Having worked in the industry for 6 years now, I’ve seen machine learning projects succeed but, most importantly, I’ve seen many more fail - I even failed some of them myself due to inexperience and/or poor judgement. Although each failure has its own story, reasons and learnings, some common denominators always exist.

One such important denominator can be “boiled down” to a single assertion that - as an ML engineer - I am particularly fond of:

“Chances are, you do NOT need ML to solve THAT problem.”

I get it - building a machine learning model is exciting stuff. Observing it as it generates predictions on your company’s production environment is even more exciting.

But, there’s “no free lunch”.

Being a good engineer in the industry is typically not about building complex, state-of-the-art sophisticated solutions - this is not academia. It’s all about generating constant and considerable value for the product and company that you work for, while being cost-effective. To do that, you should be dead certain which is the right tool and approach for each problem that you’re required to solve. ML is just one of many tools in an engineer’s toolbox.

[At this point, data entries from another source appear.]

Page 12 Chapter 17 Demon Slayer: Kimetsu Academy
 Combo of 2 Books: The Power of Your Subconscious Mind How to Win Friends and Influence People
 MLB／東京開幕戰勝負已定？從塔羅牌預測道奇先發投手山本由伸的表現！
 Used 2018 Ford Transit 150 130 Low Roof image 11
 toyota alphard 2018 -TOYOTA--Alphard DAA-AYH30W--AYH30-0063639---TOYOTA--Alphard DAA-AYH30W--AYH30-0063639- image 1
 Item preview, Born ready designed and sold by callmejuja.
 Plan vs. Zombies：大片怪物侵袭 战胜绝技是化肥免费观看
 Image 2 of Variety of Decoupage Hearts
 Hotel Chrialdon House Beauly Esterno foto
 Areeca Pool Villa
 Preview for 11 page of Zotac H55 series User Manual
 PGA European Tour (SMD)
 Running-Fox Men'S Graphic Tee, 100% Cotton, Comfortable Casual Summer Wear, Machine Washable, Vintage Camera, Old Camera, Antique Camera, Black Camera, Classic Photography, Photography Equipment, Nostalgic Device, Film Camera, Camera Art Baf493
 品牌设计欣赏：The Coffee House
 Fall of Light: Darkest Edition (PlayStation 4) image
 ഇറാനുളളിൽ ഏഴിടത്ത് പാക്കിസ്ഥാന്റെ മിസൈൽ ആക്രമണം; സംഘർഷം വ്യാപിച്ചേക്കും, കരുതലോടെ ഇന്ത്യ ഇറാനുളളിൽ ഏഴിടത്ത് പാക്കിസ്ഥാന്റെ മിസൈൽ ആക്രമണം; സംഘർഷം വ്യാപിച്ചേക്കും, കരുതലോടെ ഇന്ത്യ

Coincidentally, the last couple of weeks I have been reading Chip Huyen’s great book called Designing Machine Learning Systems. This realization, that ML is not always the right tool for the job, is one of the main takeaways from the book.

Chip went a step further and created a list of 9 criteria that we should consider before commiting to an ML solution for our problem. I found this list to be very accurate & useful, so decided to share it here. ML is the right approach when:

  • the system has the capacity to learn.
  • there are patterns to learn, and they are complex.
  • data are available, or it’s possible to collect data.
  • it’s a predictive problem.
  • unseen data shares patterns with the training data.
  • it’s repetitive.
  • the cost of wrong predictions it’s cheap.
  • it’s at scale.
  • the patterns are constantly changing.

Next time you’re faced with a problem that you think ML might be the right tool for, consider these 9 criteria. Go through each one of them and see if they apply to your problem. Make sure that all of them are met before you commit to an ML solution. If not, chances are that there exists a simpler, more cost-effective solution for this problem. Take some time to think what this solution might be.